About this exercise ::
Repeat the lines from the one containing "Anillo de compromiso" through the last line of the data, exactly, pictures omitted.

Data excerpt ::
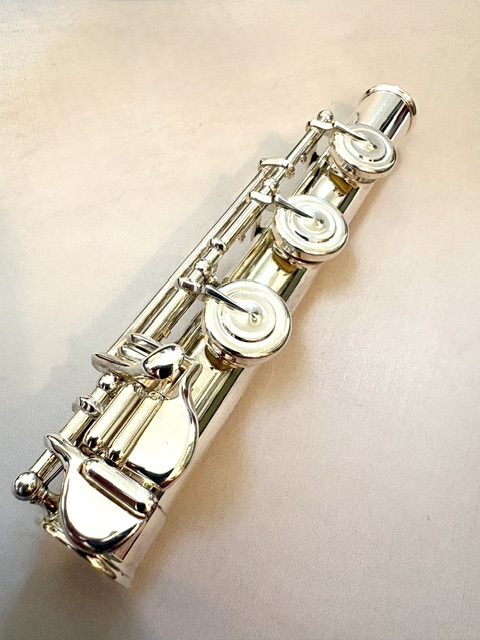 IMG_2175 Haynes Amadeus AF-900 Flute, Sterling Silver Headjoint Body Foot Mechanism, Offset G, C# Trill, D# Roller, 14k Lip/Riser, Warranty!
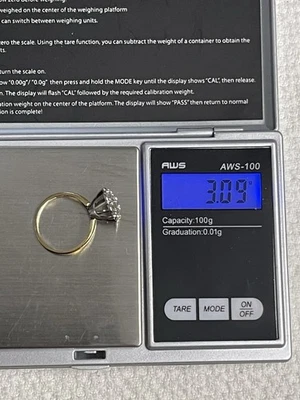 Anillo de compromiso de oro de 14 quilates con diamantes talla 7 3,09 g ~ Kay Jewelers ~ años 80 ~ Foto 1 de 4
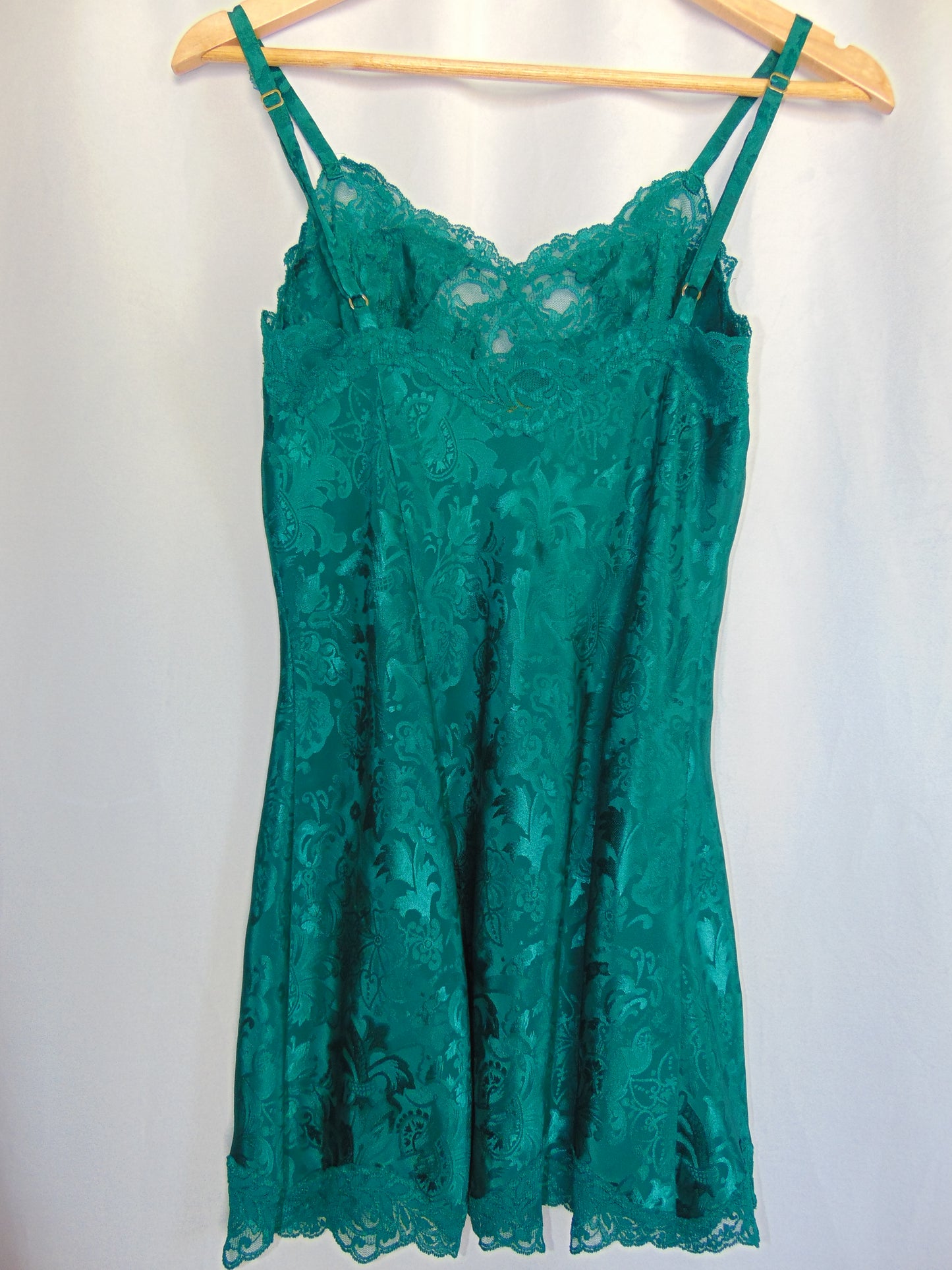 VINTAGE GOLD LABEL VICTORIA'S SECRET SLIP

Solution ::
 Anillo de compromiso de oro de 14 quilates con diamantes talla 7 3,09 g ~ Kay Jewelers ~ años 80 ~ Foto 1 de 4
 VINTAGE GOLD LABEL VICTORIA'S SECRET SLIP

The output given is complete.